Records for the exercise >>
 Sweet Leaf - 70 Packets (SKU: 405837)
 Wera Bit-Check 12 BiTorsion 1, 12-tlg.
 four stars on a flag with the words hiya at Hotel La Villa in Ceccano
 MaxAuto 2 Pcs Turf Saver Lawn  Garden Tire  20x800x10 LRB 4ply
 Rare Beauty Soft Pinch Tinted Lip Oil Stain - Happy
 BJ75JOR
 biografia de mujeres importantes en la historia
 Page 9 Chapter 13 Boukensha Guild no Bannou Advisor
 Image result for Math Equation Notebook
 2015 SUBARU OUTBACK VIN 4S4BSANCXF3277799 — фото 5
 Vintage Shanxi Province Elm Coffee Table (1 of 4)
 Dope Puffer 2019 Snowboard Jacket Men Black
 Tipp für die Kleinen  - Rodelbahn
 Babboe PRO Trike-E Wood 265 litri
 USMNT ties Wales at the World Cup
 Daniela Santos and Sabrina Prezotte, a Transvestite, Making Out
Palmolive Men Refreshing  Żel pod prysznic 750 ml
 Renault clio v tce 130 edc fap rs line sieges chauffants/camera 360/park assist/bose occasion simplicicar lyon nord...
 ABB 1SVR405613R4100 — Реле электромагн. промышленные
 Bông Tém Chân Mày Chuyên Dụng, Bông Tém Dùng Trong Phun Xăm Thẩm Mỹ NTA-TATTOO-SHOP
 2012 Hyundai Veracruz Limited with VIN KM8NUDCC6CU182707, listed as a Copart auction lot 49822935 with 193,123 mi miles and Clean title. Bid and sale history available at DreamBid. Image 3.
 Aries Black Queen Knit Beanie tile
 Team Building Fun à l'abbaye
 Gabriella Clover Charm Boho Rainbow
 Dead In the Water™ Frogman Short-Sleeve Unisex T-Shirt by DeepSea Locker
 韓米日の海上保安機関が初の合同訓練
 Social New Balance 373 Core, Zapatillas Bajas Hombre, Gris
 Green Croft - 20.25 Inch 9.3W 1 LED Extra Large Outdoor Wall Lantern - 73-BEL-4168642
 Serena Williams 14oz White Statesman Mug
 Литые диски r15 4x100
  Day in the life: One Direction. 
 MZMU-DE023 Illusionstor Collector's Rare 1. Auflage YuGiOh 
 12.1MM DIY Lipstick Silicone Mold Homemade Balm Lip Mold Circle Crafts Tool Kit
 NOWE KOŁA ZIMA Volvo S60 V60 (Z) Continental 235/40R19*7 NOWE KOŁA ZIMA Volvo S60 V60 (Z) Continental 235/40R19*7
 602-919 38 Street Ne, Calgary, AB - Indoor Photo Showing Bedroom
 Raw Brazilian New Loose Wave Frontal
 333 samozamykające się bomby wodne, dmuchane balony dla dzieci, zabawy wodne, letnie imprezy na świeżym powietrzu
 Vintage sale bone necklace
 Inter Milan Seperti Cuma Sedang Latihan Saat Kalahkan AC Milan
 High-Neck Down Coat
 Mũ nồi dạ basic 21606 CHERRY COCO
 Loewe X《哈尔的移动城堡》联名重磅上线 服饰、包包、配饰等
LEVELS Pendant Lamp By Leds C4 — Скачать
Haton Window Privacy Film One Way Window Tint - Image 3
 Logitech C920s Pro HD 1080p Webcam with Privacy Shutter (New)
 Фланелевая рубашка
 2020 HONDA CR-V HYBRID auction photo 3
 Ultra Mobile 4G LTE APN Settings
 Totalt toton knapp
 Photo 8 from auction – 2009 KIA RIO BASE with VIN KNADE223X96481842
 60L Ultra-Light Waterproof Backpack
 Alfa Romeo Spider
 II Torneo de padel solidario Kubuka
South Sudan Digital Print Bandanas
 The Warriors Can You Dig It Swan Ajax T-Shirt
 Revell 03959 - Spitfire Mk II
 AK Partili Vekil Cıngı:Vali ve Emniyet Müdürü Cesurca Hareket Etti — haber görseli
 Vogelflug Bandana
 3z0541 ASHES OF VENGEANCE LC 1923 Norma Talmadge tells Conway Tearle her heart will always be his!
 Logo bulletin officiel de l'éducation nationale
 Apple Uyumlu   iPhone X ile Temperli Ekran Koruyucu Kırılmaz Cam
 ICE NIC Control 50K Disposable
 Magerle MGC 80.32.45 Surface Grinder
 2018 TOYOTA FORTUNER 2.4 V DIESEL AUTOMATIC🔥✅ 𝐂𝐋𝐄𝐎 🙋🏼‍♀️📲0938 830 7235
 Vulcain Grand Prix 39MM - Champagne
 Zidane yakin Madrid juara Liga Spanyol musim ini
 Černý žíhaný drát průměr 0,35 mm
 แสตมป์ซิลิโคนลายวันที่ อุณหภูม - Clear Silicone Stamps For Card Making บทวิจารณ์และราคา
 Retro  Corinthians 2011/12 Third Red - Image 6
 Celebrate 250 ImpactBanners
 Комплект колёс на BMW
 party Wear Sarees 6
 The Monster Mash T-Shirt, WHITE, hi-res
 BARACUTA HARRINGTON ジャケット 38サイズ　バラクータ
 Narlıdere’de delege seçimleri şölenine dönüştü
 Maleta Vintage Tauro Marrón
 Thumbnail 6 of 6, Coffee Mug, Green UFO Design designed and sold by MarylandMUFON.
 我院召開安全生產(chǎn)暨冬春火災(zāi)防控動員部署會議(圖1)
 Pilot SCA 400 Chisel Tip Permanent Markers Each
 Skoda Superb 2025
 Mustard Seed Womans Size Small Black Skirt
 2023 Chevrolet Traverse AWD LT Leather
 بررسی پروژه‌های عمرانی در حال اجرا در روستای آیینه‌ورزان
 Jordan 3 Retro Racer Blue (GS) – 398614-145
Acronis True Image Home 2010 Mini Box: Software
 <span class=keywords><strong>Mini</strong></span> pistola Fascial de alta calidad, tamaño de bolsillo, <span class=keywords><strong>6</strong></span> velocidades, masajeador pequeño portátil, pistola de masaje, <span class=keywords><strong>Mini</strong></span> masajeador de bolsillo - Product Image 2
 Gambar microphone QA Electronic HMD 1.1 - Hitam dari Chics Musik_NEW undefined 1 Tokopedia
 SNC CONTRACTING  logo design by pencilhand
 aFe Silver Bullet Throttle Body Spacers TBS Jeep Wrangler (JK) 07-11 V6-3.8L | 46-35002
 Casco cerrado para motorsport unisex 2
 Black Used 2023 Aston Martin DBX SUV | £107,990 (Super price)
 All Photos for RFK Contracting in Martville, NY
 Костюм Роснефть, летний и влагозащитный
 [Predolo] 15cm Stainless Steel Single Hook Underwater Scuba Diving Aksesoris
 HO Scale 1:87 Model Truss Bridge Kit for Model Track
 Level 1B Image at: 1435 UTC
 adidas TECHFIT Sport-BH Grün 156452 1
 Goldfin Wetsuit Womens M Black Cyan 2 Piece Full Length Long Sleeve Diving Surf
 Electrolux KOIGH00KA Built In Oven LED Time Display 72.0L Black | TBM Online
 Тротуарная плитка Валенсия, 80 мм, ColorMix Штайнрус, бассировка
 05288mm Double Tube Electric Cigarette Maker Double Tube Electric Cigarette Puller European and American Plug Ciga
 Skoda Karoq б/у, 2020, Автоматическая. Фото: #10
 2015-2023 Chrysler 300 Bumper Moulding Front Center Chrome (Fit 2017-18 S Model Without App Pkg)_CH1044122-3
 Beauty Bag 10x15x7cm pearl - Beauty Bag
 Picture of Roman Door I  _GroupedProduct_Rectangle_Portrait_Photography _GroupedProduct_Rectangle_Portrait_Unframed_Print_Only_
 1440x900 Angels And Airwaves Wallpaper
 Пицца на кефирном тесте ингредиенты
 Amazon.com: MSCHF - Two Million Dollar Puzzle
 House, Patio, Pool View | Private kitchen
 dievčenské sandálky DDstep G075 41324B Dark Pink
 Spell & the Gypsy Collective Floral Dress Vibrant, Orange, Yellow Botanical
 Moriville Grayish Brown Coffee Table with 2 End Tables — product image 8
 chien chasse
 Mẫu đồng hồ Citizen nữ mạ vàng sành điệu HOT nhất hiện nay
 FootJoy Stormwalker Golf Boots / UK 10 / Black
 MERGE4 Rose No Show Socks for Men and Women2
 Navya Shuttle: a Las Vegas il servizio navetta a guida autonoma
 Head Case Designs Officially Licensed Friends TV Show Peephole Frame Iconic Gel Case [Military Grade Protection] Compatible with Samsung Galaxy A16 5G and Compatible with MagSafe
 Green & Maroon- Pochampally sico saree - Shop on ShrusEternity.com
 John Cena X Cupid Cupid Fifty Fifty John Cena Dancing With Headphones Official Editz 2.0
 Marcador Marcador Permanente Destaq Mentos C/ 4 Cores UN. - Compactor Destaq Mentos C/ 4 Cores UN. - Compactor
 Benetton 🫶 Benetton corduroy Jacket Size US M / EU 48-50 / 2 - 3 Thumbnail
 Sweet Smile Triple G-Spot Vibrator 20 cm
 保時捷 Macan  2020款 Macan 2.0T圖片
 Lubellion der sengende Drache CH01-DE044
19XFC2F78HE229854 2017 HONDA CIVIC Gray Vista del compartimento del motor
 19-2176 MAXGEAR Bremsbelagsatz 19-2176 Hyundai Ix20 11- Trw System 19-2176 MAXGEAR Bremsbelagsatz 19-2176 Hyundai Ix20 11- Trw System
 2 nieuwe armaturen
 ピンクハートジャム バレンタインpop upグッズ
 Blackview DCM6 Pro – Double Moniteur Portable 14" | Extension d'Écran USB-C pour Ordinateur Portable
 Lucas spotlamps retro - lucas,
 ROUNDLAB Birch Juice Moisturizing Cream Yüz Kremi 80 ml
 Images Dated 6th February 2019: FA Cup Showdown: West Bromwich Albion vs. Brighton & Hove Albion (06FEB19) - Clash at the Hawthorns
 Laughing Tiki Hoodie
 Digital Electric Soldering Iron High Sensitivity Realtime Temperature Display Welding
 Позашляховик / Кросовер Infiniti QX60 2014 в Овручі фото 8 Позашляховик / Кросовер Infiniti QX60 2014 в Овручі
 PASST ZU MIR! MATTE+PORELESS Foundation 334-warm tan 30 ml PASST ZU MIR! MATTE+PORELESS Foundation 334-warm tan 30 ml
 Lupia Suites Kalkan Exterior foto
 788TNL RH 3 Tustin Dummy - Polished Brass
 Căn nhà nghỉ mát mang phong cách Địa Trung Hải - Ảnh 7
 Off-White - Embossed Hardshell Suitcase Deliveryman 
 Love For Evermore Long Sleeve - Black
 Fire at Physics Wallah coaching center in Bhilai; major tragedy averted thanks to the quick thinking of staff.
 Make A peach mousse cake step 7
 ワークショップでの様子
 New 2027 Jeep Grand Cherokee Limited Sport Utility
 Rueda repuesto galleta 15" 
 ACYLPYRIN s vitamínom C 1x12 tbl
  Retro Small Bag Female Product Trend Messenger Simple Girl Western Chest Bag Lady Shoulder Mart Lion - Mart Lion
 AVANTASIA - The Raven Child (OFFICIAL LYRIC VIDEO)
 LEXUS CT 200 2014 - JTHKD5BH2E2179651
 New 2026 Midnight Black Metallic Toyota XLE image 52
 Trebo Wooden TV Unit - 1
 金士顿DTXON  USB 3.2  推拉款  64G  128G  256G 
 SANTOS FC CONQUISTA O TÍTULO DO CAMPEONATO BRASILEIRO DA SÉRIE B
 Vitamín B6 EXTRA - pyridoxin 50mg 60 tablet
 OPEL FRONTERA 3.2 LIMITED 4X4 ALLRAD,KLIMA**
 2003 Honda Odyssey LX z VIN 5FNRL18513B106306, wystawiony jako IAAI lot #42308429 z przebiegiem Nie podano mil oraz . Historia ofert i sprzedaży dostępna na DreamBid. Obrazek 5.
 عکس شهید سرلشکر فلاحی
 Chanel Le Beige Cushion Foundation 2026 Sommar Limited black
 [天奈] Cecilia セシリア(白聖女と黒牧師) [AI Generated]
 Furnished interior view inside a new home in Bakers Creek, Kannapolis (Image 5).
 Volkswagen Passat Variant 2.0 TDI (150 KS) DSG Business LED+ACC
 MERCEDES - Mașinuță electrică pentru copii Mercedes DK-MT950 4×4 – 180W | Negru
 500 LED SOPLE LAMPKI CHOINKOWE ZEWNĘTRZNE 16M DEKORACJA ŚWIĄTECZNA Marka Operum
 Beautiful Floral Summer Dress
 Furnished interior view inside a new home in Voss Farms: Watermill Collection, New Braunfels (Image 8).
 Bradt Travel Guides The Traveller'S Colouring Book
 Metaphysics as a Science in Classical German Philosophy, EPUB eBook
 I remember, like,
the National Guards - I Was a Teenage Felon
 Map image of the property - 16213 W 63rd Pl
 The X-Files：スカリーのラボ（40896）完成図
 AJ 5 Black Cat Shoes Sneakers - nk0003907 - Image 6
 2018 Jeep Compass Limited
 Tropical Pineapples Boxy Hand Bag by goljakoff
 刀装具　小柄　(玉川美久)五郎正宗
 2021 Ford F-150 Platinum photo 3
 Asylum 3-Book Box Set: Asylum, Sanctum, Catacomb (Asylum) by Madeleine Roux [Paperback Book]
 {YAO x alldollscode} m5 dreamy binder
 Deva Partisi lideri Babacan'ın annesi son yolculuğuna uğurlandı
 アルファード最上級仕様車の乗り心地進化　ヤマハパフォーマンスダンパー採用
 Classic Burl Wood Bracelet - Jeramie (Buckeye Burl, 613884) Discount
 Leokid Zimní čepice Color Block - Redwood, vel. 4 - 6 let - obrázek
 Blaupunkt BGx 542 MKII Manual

Your goal >>
Return the lines containing "Floral", taking each one from the listing.

Answer for the task >>
 Spell & the Gypsy Collective Floral Dress Vibrant, Orange, Yellow Botanical
 Beautiful Floral Summer Dress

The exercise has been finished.